AIM OF THE EXERCISE: Copy each record below faithfully, leaving out images.
-------- MATERIAL FOR THE TASK --------
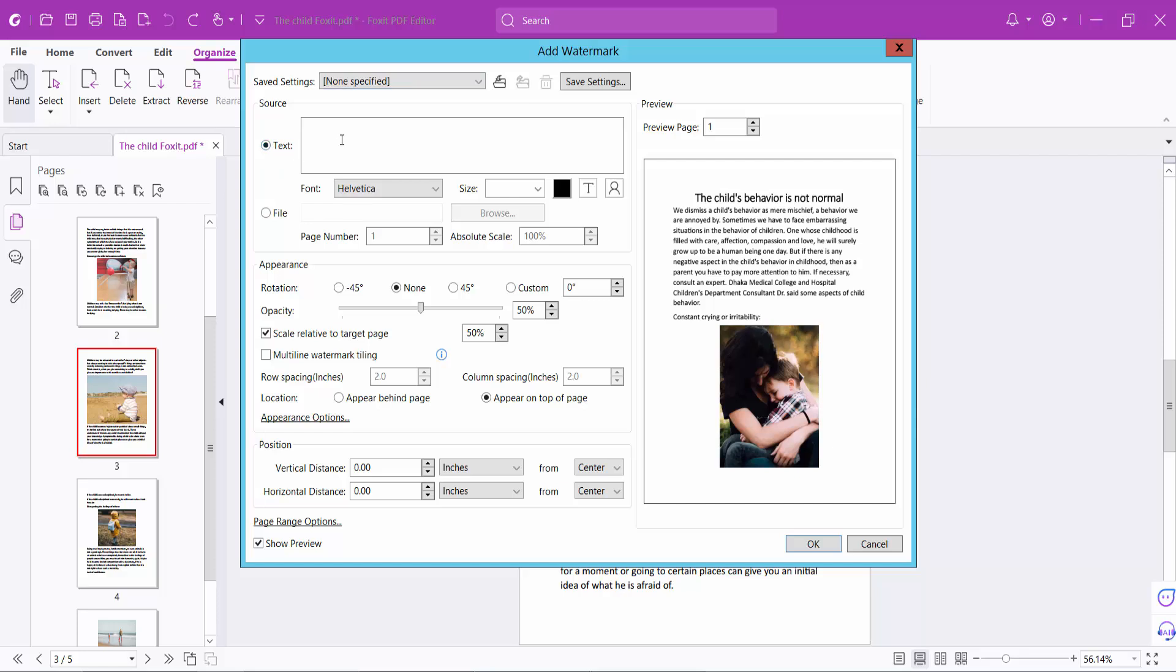Click on this box and type your watermark name. I will rotate this and increase the transparency.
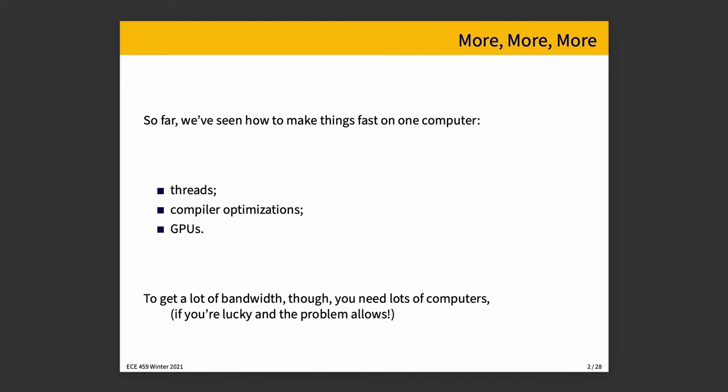To get a lot of bandwidth, you will eventually need more than one computer, or you will just reach a point where it's better value for your money to buy two cheap computers instead of one very expensive computer. Sometimes your best bet is just to increase bandwidth.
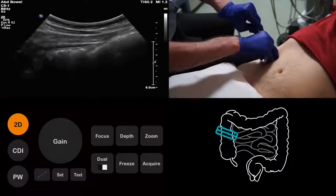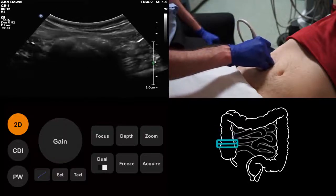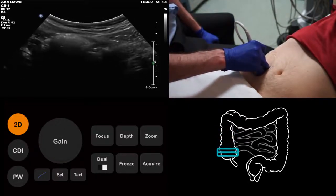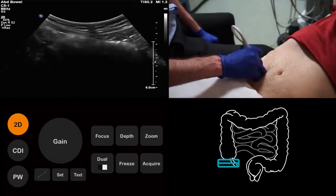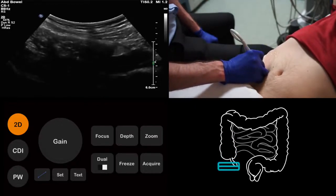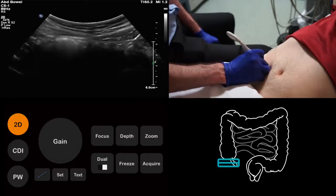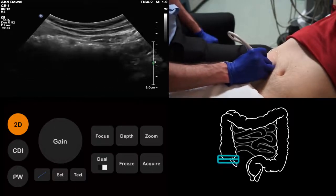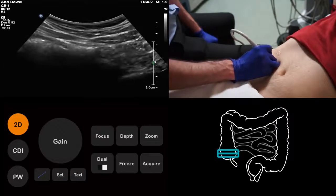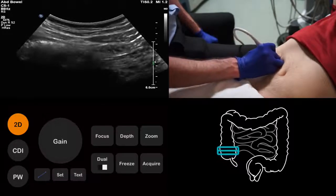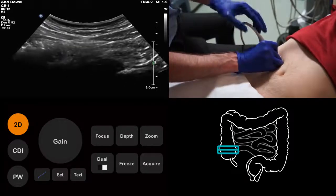Now we scan caudally. We pass from the ascending colon into the cecum, and then continue inferiorly until we have come off the inferior end of the cecum. At this point, we scan back up again. We are now looking for the terminal ileum. Finding the terminal ileum is important, because pathology here can mimic appendiceal pathology.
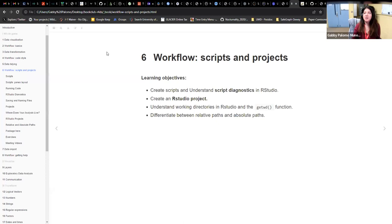Today Gabby Palomo is going to be leading us in a discussion of Chapter 6, Workflow, Scripts, and Projects. Go ahead and take it away, Gabby.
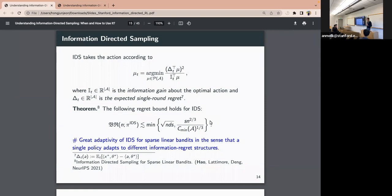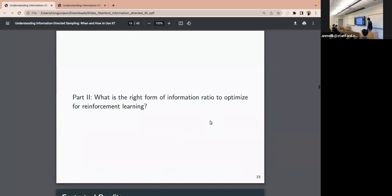The information ratio can be estimated by posterior samples, because both the regret and information terms are functions of theta-star. If there are no further questions on that, let's move to the second part of the talk: what is the right form of information ratio to optimize for full reinforcement learning?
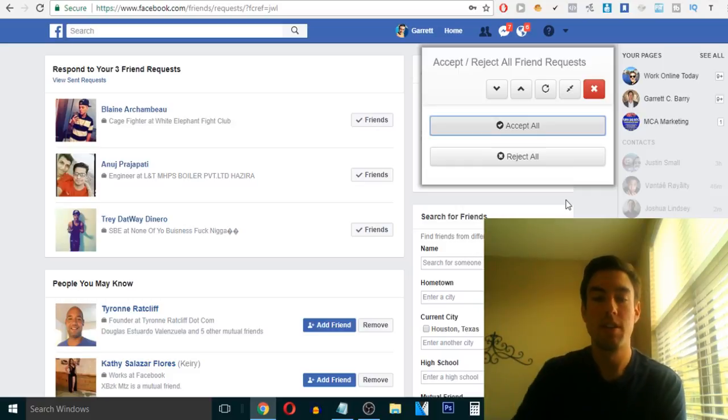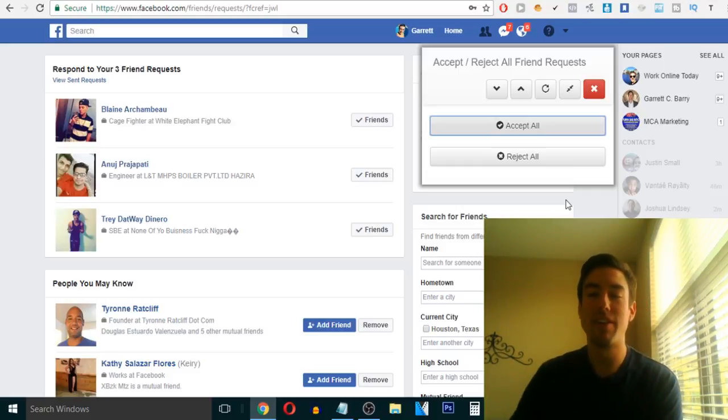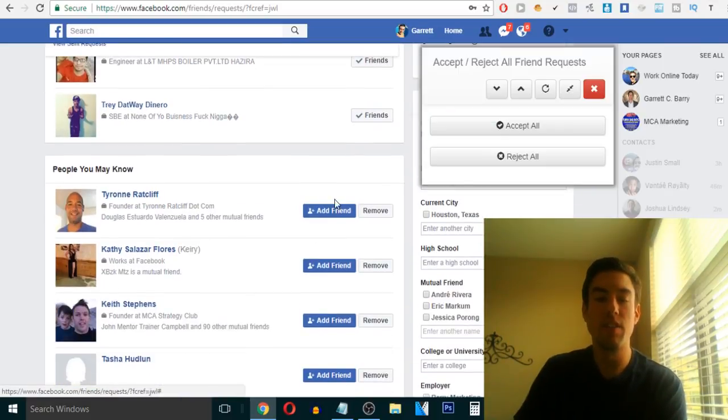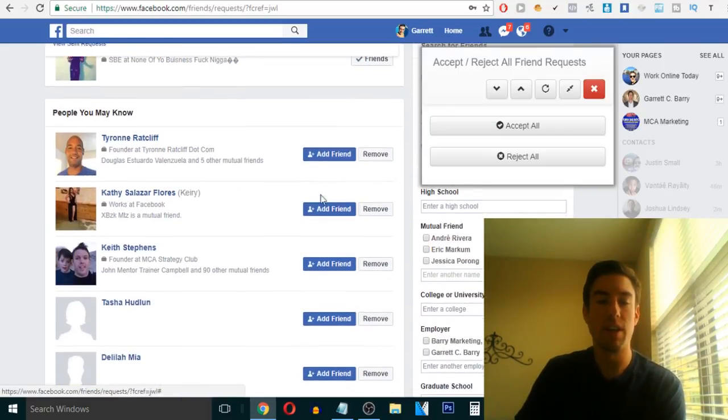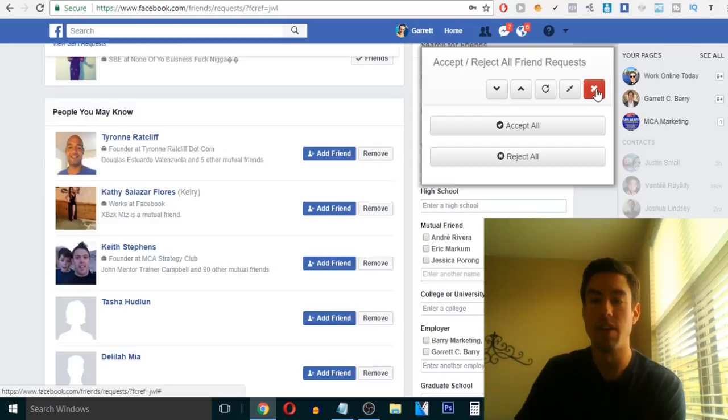boom, friend. Right? I mean, literally in a matter of a half second, all of them are accepted. And you can even do, like let's say I want to add these people. Add friend, right?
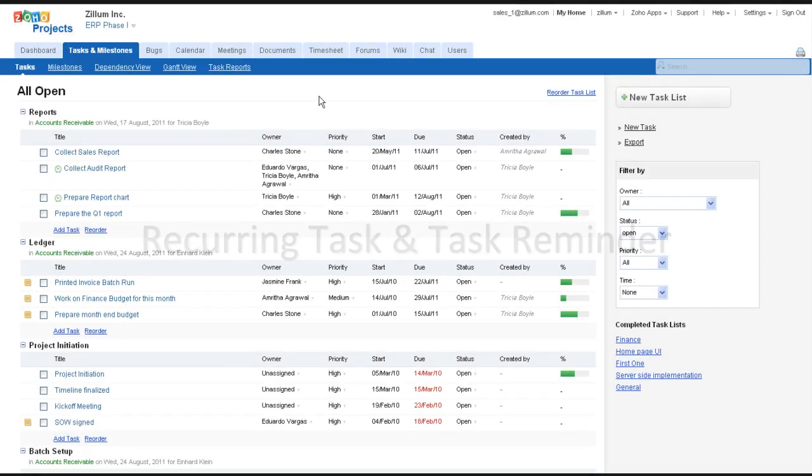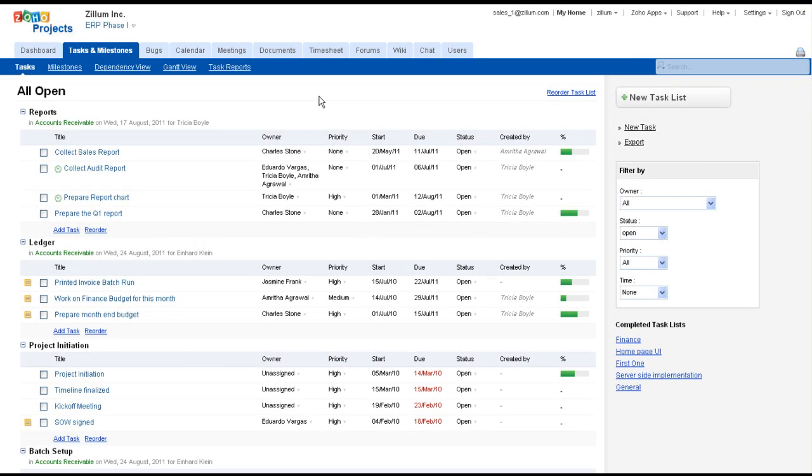This video illustrates the Recurring Task and Task Reminder options available in Zoho Projects. You can set Task Reminder and Reoccurring Task in multiple ways.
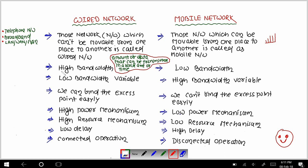In wired networks, the bandwidth is high. Bandwidth means the amount of data that can be transmitted in a fixed amount of time — in a particular time period, the data transmitted from one point to another.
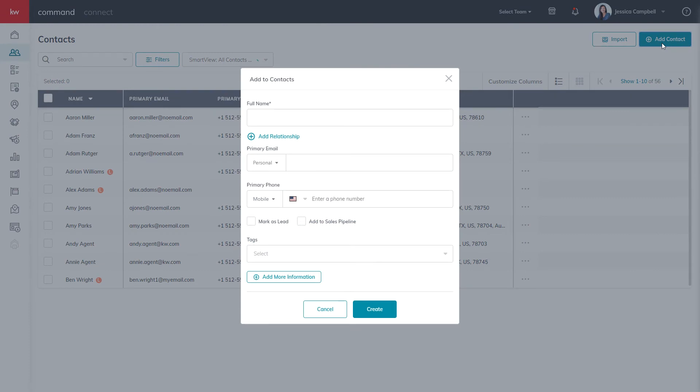The first piece of information you'll want to enter in will be the name. Please note, all leads and contacts must have a name associated with it before you can create it.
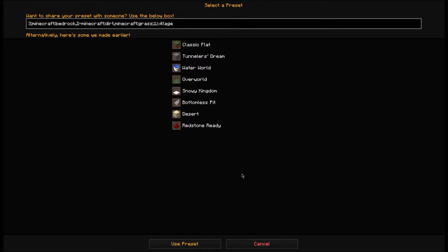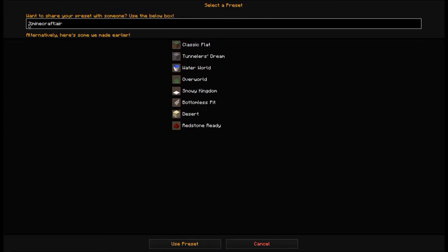Go to this big box of text and backspace until you just have 3 semicolon minecraft colon, and type 'air'. So you should have: 3;minecraft:air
--------
ANSWER SPACE:
Click on this box and type your watermark name. I will rotate this and increase the transparency.
To get a lot of bandwidth, you will eventually need more than one computer, or you will just reach a point where it's better value for your money to buy two cheap computers instead of one very expensive computer. Sometimes your best bet is just to increase bandwidth.
Now we scan caudally. We pass from the ascending colon into the cecum, and then continue inferiorly until we have come off the inferior end of the cecum. At this point, we scan back up again. We are now looking for the terminal ileum. Finding the terminal ileum is important, because pathology here can mimic appendiceal pathology.
Today Gabby Palomo is going to be leading us in a discussion of Chapter 6, Workflow, Scripts, and Projects. Go ahead and take it away, Gabby.
The information ratio can be estimated by posterior samples, because both the regret and information terms are functions of theta-star. If there are no further questions on that, let's move to the second part of the talk: what is the right form of information ratio to optimize for full reinforcement learning?
boom, friend. Right? I mean, literally in a matter of a half second, all of them are accepted. And you can even do, like let's say I want to add these people. Add friend, right?
This video illustrates the Recurring Task and Task Reminder options available in Zoho Projects. You can set Task Reminder and Reoccurring Task in multiple ways.
In wired networks, the bandwidth is high. Bandwidth means the amount of data that can be transmitted in a fixed amount of time — in a particular time period, the data transmitted from one point to another.
The first piece of information you'll want to enter in will be the name. Please note, all leads and contacts must have a name associated with it before you can create it.
Go to this big box of text and backspace until you just have 3 semicolon minecraft colon, and type 'air'. So you should have: 3;minecraft:air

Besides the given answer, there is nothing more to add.